En Asie du Sud-Est et de l’Est, en Thaïlande, la Fédération des paysan.nes du Nord a publié une déclaration critiquant vivement la mort tragique de l’activiste politique Netiporn Sanesangkhom en prison, où elle menait une grève de la faim. La déclaration condamne la façon dont le régime actuel du pays utilise la loi pour réprimer l’expression publique et les libertés. “L’acte de citoyens ordinaires posant des questions ou faisant des commentaires sur la monarchie, les institutions politiques ou le processus judiciaire, dans le but de guider la société et la nation dans la bonne direction, est désormais considéré comme criminel, avec le risque de perte de vie ou de liberté”, indique la déclaration.
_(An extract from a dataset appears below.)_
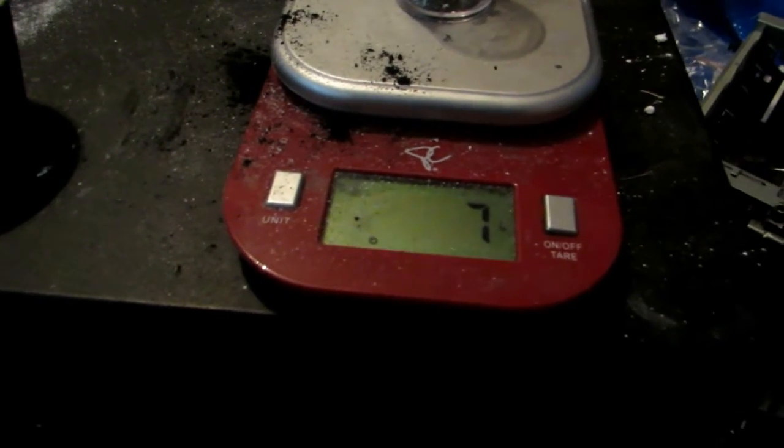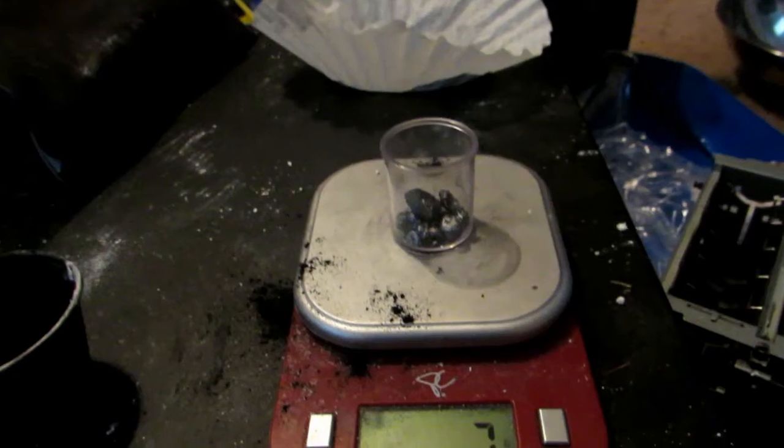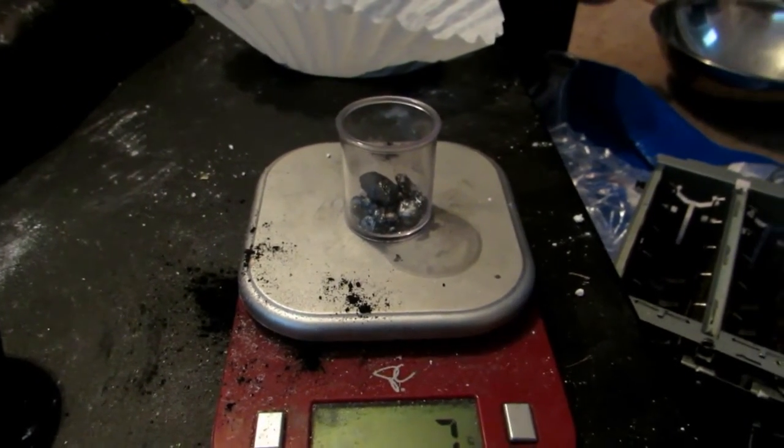This is of course my new element sample. I hope you guys enjoyed this video on how to make manganese metal. Go check out my video on how to make coarse aluminum powder for this reaction if you'd like to see it. Thanks for watching!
Au Vietnam, l’Union des paysan.nes du Viêt Nam a organisé un séminaire sur la résilience climatique grâce aux coopératives paysannes. Au cours de cet événement, iels ont présenté un modèle de riziculture agroécologique, qui met l’accent sur une meilleure gestion de l’eau, l’utilisation de bioproduits pour le traitement de la paille et une réduction progressive des intrants chimiques. Cet atelier a reçu le soutien du ministère de l’agriculture et du développement rural, ainsi que de l’Alliance des coopératives du Viêt Nam, qui encourage activement les initiatives publiques visant à modifier les pratiques agricoles. Dans le cadre de ses efforts visant à encourager davantage de paysan.nes à adopter des méthodes agroécologiques, l’union des paysan.nes a élaboré un manuel décrivant ces techniques.

En Tanzanie, environ 780 petits exploitants agricoles de MVIWATA, appartenant à 260 banques communautaires villageoises dans les districts de Njombe et de Ludewa, ont reçu une formation sur la gestion d’institutions financières créées et détenues par des agriculteur.ices. Les formations, organisées au niveau des villages, sont essentielles pour renforcer les groupes d’entraide des agriculteur.ices et sont animées par des petit.es agriculteur.ices expérimenté.es, membres de MVIWATA, qui ont été formé.es pour former d’autres petit.es agriculteur.ices. Dans d’autres régions, des formations locales à l’agroécologie sont en cours, notamment sur la fabrication de bio-pesticides et de bio-fertilisants, ainsi que des discussions sur la nature politique de l’agroécologie.

En Ouganda, l’ESAFF Ouganda a lancé en mai le bulletin “Seed Gist” pour célébrer le rôle vital que jouent les petit.es agriculteur.ices dans la préservation de la diversité du patrimoine semencier paysan. Il met en lumière les pratiques traditionnelles et les approches innovantes qui s’adaptent aux défis modernes. L’ESAFF Ouganda a également organisé des formations sur les principes, les éléments et les pratiques de l’agroécologie dans le district de Butebo et a créé une école communautaire d’agroécologie à St Marita afin de garantir des systèmes alimentaires fiables et durables.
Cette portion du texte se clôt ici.